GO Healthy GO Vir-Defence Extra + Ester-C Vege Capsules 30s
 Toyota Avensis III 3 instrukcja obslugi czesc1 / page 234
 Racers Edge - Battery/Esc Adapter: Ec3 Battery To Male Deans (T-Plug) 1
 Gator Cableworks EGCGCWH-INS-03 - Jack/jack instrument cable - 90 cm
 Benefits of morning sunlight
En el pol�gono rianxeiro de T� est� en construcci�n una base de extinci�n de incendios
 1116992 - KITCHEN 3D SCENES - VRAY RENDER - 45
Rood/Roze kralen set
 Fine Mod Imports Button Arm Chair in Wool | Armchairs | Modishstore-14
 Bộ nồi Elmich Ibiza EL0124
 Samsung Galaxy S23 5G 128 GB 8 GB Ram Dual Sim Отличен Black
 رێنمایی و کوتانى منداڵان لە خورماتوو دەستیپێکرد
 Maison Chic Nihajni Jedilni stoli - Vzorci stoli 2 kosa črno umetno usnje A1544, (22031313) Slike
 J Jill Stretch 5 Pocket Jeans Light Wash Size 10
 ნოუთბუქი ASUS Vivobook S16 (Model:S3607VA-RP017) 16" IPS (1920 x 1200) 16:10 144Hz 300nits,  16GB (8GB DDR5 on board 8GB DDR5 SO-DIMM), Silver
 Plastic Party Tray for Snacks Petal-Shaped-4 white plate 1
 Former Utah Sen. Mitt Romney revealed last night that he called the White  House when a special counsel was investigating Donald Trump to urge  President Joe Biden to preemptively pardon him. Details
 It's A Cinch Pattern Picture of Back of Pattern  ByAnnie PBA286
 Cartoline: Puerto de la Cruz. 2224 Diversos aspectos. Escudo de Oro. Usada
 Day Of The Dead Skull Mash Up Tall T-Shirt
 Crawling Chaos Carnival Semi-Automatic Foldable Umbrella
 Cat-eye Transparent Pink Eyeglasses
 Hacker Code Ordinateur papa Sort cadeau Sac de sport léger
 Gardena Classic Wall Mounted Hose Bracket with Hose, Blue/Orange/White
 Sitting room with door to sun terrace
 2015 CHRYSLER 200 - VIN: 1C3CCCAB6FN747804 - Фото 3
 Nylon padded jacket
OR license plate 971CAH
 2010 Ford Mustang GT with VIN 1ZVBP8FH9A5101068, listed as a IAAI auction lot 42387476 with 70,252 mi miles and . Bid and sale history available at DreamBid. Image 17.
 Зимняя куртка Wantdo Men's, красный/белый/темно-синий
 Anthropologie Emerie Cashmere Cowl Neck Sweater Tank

### EXERCISE
Quote, with nothing altered, all lines from the start of the entries to the line that carries "It's A Cinch", inclusive.

### EXERCISE OUTPUT
GO Healthy GO Vir-Defence Extra + Ester-C Vege Capsules 30s
 Toyota Avensis III 3 instrukcja obslugi czesc1 / page 234
 Racers Edge - Battery/Esc Adapter: Ec3 Battery To Male Deans (T-Plug) 1
 Gator Cableworks EGCGCWH-INS-03 - Jack/jack instrument cable - 90 cm
 Benefits of morning sunlight
En el pol�gono rianxeiro de T� est� en construcci�n una base de extinci�n de incendios
 1116992 - KITCHEN 3D SCENES - VRAY RENDER - 45
Rood/Roze kralen set
 Fine Mod Imports Button Arm Chair in Wool | Armchairs | Modishstore-14
 Bộ nồi Elmich Ibiza EL0124
 Samsung Galaxy S23 5G 128 GB 8 GB Ram Dual Sim Отличен Black
 رێنمایی و کوتانى منداڵان لە خورماتوو دەستیپێکرد
 Maison Chic Nihajni Jedilni stoli - Vzorci stoli 2 kosa črno umetno usnje A1544, (22031313) Slike
 J Jill Stretch 5 Pocket Jeans Light Wash Size 10
 ნოუთბუქი ASUS Vivobook S16 (Model:S3607VA-RP017) 16" IPS (1920 x 1200) 16:10 144Hz 300nits,  16GB (8GB DDR5 on board 8GB DDR5 SO-DIMM), Silver
 Plastic Party Tray for Snacks Petal-Shaped-4 white plate 1
 Former Utah Sen. Mitt Romney revealed last night that he called the White  House when a special counsel was investigating Donald Trump to urge  President Joe Biden to preemptively pardon him. Details
 It's A Cinch Pattern Picture of Back of Pattern  ByAnnie PBA286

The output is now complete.